In Writing Screenplays that Sell, Michael Hauge offers us advise from a structural perspective that echoes that of other screenwriting gurus such as Field, Volgner, McKee, to name but three. Much of this advise can be of benefit to novelists such as myself, seeking to tighten and make supple, the overall shape of their stories. This post provides a checklist, taken from Hauge’s book, which should prove useful to screenwriters and novelists alike.

Story Structure

Structure is nothing other than a series of events that form a relationship to one another relative to their position in the story. Correct structure emerges when the right thing occurs at the right time to solicit maximum emotion and a sense of verisimilitude from the reader or audience.

A well structured story has three acts, or sections, or to state this more simply, it has a beginning, middle and end. The beginning establishes the setting, situation, the characters and their motivation, and the chief goal of the protagonist.

The middle part of the story, also known as the complication, provides, expands and complicates the obstacles to achieving that goal.

The end section resolves the question as to whether or not the goal can be achieved, most typically, through mounting tension and pace manifested through crisis, climax and resolution.

Having established that your story needs to have a properly structured beginning, middle and end, ask and answer the following questions:

Do your scenes do one or more of the following?

1. Contribute to or impede the protagonist’s pursuit of the goal?
2. Accelerate the pace of the story?
3. Build conflict?
4. Contribute to the overall rhythm of the story—fast scenes ought to be followed or preceded by slower ones and tense ones with lighter/humorous ones?
5. Create reader/audience anticipation?
6. Surprise the reader/audience?
7. Foreshadow important events?
8. Create curiosity?
9. Contribute to character development?
10. Put or prepare to put the protagonist in jeopardy?

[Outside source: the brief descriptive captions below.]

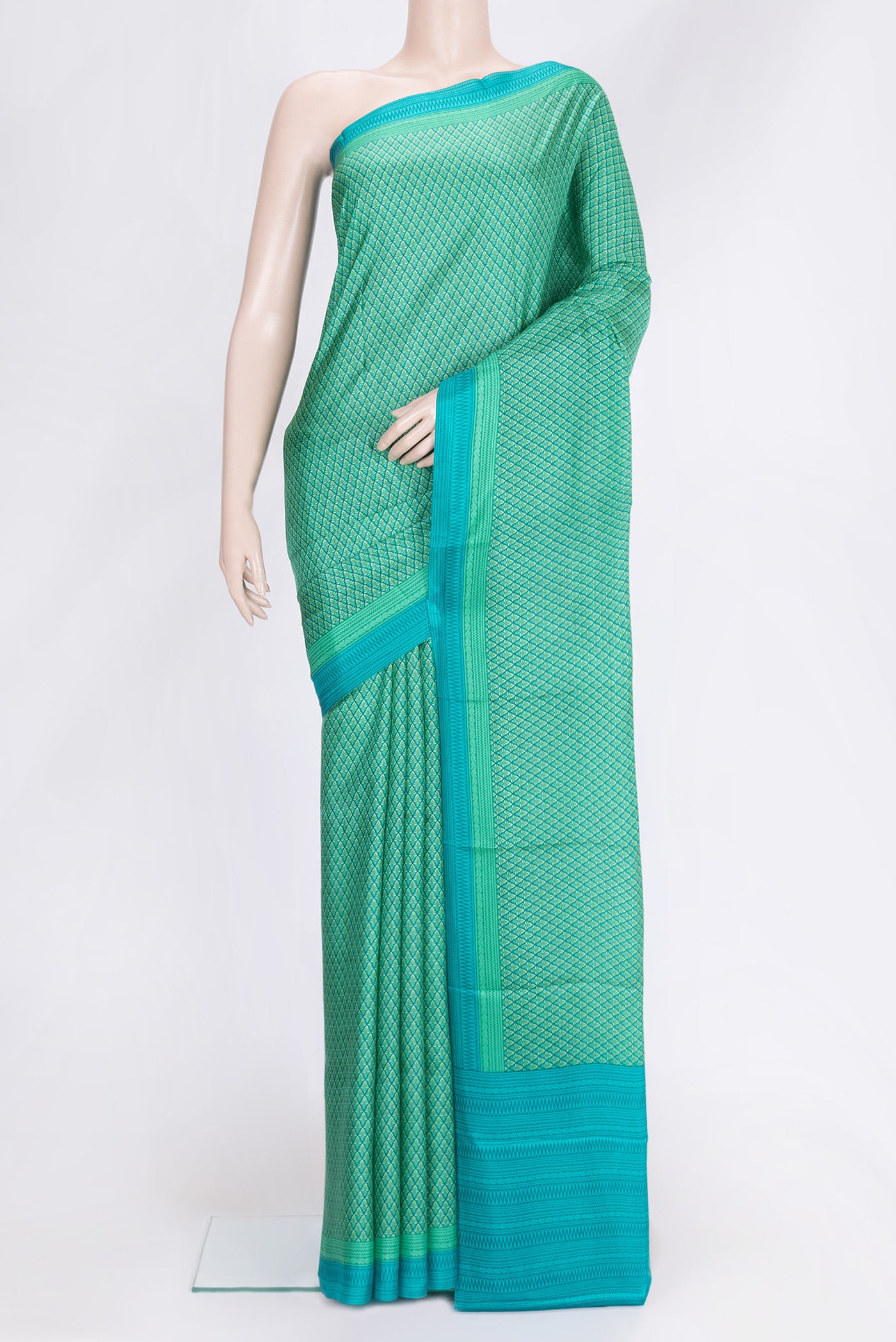 Sea Green Dual Tone Printed Silk Saree with Printed design on the body and Printed Border.  displayed on a mannequin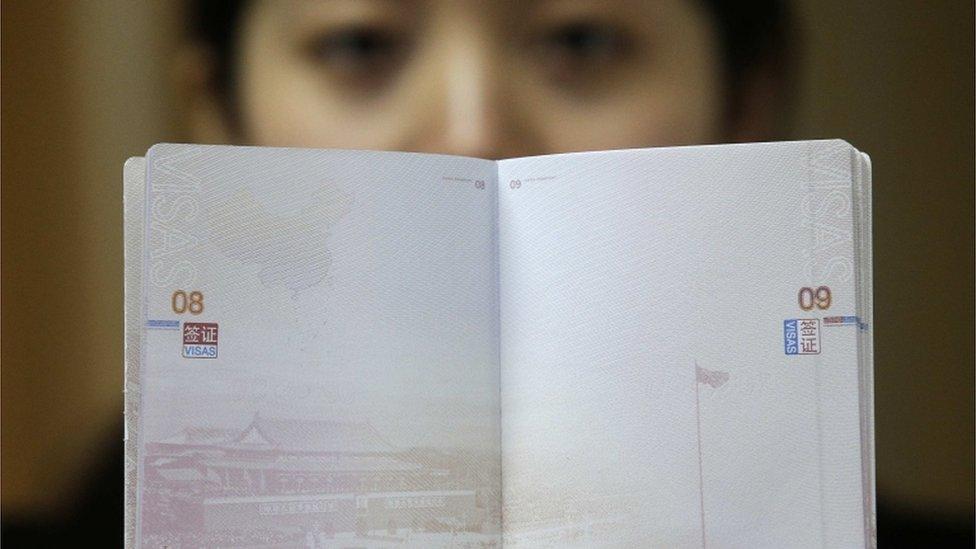 A woman holds the new Chinese passport on 23 November 2012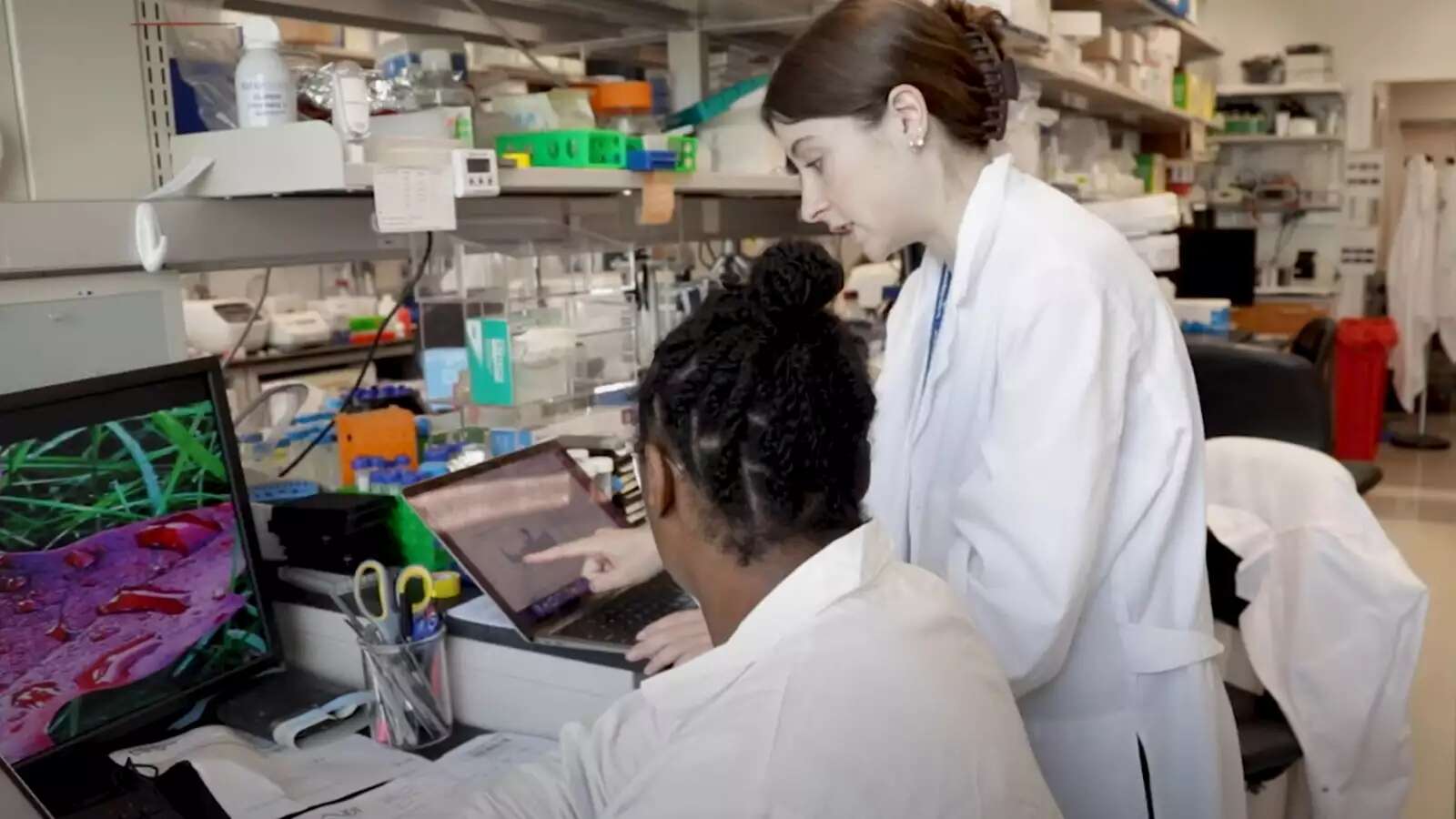 Two students in a science lab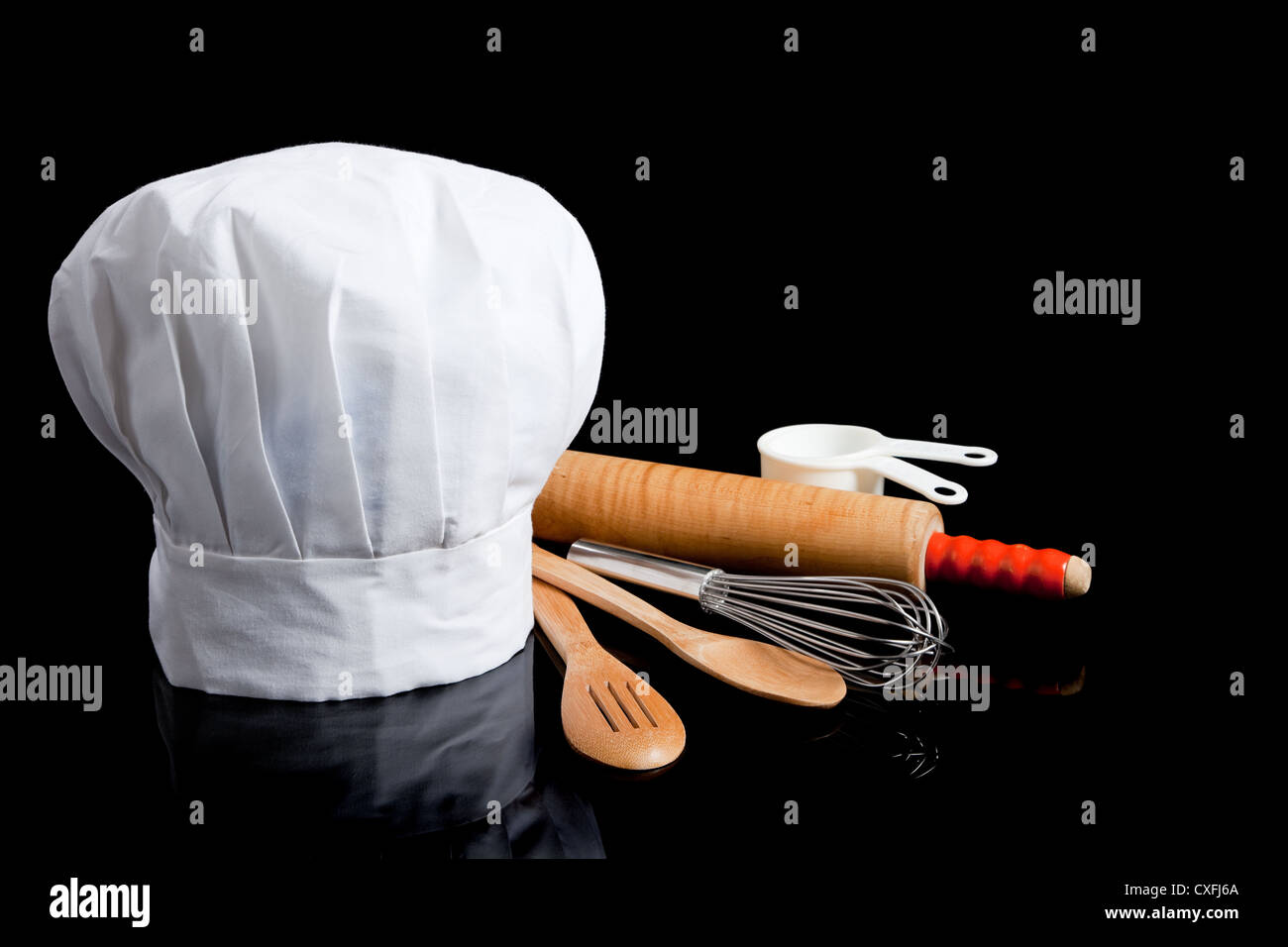 Un chef hat con utensili di cottura su un fondo nero con spazio di copia Foto Stock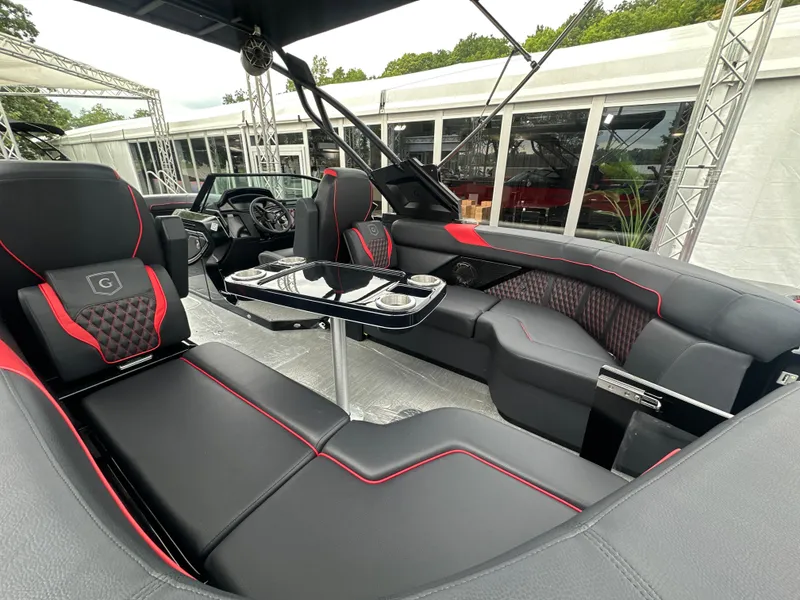 Slide: The Image of Luxurious interior of 2024 Godfrey XP 27' Windshield boat with sleek seating and modern design. - 2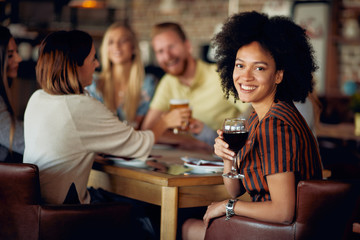 Woman looking at camera and holding glass of wine while sitting in restaurant. In background friends drinking and chatting.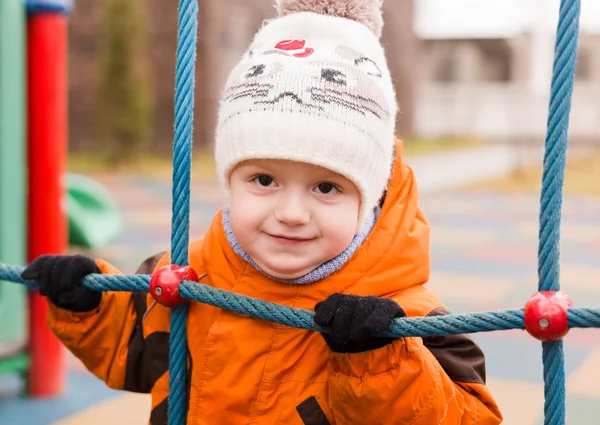 The kid at a playground holds a rope ladder in the fall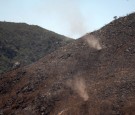 MAY 16: Dust devils lift ash and dirt from a burned hillside at the Cocos fire on May 16, 2014 in San Marcos, California. The fire continues to threaten communities with little containment three days after nine wildfires broke out in a single day in San D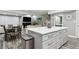 Modern kitchen island with white cabinets and quartz countertop at 240 Windward Psge # 605, Clearwater Beach, FL 33767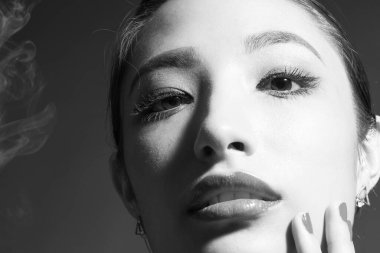 Sigara içen beyaz elbiseli güzel Asyalı kadın.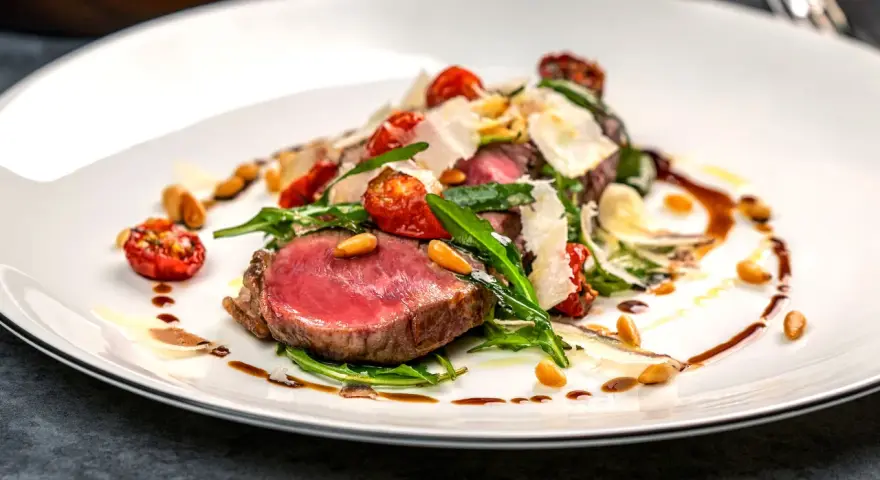 Saftiges Tagliata di Manzo mit Rucola, Kirschtomaten, Pinienkernen und Parmesan auf einem weißen Teller.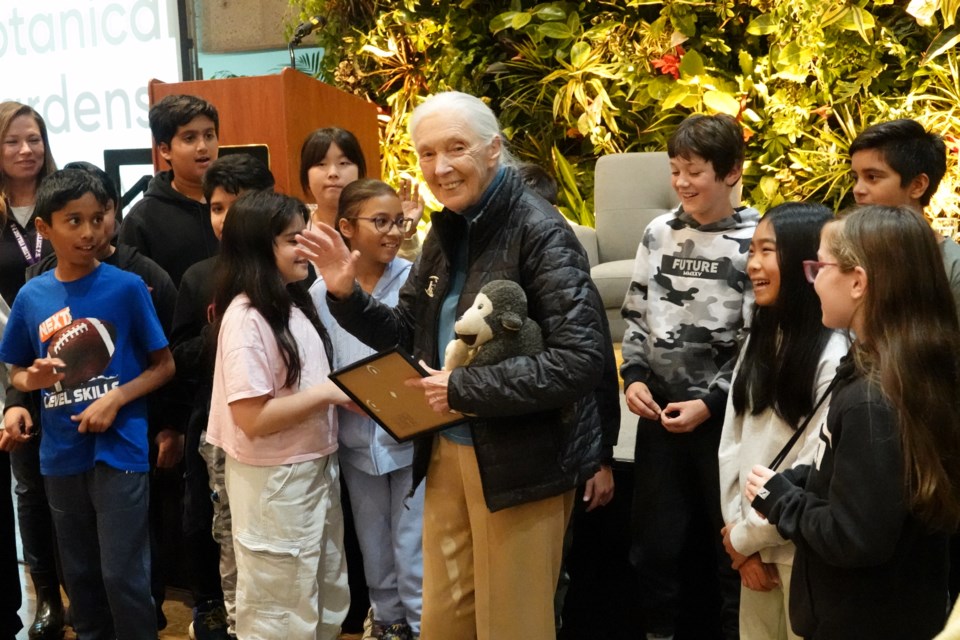 Dr. Jane Goodall spoke to 400 students at the Royal Botanical Gardens this morning. Here, students from Alton Village Public School crowd around her after her talk.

If the answer to these questions is mostly “yes”, then the chances are that you’re on your way to writing a successful story—at least, from a structural perspective.

Summary

Structure defines the relationship of one scene or event to another. Proper structure allows for such a relationship to heighten the story’s suspense, verisimilitude, and impact.

Invitation

If you enjoyed this post, or have a suggestion for a future one, kindly leave a comment and let’s get chatting. You may subscribe to this blog by clicking on the “subscribe” or “profile” link on the right-hand side of this article. I post new material every Monday.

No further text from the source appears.